**Problem statement**. Everything from the line containing "A wooden building" through the line containing "Venta - Apartment - Orihuela - Villamartin" should be repeated exactly, and nothing else from the data.

[Exercise inputs — start]

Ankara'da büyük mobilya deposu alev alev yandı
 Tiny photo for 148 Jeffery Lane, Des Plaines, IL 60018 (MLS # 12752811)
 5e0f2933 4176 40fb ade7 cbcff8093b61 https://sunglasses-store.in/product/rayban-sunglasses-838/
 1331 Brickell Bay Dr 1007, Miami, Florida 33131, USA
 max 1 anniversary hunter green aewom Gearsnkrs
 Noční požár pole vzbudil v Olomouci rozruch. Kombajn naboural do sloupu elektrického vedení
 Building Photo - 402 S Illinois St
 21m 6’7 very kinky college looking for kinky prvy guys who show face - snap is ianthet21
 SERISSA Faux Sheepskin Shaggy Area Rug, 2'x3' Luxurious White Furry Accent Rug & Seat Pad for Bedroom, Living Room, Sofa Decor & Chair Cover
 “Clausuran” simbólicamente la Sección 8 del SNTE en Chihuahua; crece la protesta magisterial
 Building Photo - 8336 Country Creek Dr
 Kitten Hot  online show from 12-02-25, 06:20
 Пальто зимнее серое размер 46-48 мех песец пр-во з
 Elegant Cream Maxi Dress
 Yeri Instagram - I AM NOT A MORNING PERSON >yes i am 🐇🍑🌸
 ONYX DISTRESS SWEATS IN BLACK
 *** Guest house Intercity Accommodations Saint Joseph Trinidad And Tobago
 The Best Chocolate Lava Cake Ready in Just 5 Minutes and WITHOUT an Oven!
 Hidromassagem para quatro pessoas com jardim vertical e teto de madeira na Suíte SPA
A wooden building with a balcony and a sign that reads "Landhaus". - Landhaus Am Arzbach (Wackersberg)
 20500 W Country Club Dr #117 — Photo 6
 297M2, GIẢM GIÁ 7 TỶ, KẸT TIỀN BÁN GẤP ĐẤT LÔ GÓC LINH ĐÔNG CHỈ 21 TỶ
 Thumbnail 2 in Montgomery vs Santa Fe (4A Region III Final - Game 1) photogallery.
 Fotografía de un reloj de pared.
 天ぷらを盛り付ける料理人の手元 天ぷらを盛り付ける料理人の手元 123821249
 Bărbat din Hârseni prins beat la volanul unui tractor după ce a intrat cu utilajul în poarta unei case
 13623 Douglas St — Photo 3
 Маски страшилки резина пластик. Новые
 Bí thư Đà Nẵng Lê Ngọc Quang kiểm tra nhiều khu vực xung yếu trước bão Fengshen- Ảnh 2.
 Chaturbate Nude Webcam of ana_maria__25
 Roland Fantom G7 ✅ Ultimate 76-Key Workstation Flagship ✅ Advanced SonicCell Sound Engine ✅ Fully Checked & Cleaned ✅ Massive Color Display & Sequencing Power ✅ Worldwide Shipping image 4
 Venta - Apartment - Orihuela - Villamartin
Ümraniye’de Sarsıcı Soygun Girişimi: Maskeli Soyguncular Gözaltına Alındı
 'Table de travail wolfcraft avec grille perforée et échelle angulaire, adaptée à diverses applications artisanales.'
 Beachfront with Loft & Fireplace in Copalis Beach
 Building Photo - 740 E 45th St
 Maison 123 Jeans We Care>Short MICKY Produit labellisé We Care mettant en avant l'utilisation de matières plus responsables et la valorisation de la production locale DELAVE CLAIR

[Exercise inputs — finish]

**Task result**.
A wooden building with a balcony and a sign that reads "Landhaus". - Landhaus Am Arzbach (Wackersberg)
 20500 W Country Club Dr #117 — Photo 6
 297M2, GIẢM GIÁ 7 TỶ, KẸT TIỀN BÁN GẤP ĐẤT LÔ GÓC LINH ĐÔNG CHỈ 21 TỶ
 Thumbnail 2 in Montgomery vs Santa Fe (4A Region III Final - Game 1) photogallery.
 Fotografía de un reloj de pared.
 天ぷらを盛り付ける料理人の手元 天ぷらを盛り付ける料理人の手元 123821249
 Bărbat din Hârseni prins beat la volanul unui tractor după ce a intrat cu utilajul în poarta unei case
 13623 Douglas St — Photo 3
 Маски страшилки резина пластик. Новые
 Bí thư Đà Nẵng Lê Ngọc Quang kiểm tra nhiều khu vực xung yếu trước bão Fengshen- Ảnh 2.
 Chaturbate Nude Webcam of ana_maria__25
 Roland Fantom G7 ✅ Ultimate 76-Key Workstation Flagship ✅ Advanced SonicCell Sound Engine ✅ Fully Checked & Cleaned ✅ Massive Color Display & Sequencing Power ✅ Worldwide Shipping image 4
 Venta - Apartment - Orihuela - Villamartin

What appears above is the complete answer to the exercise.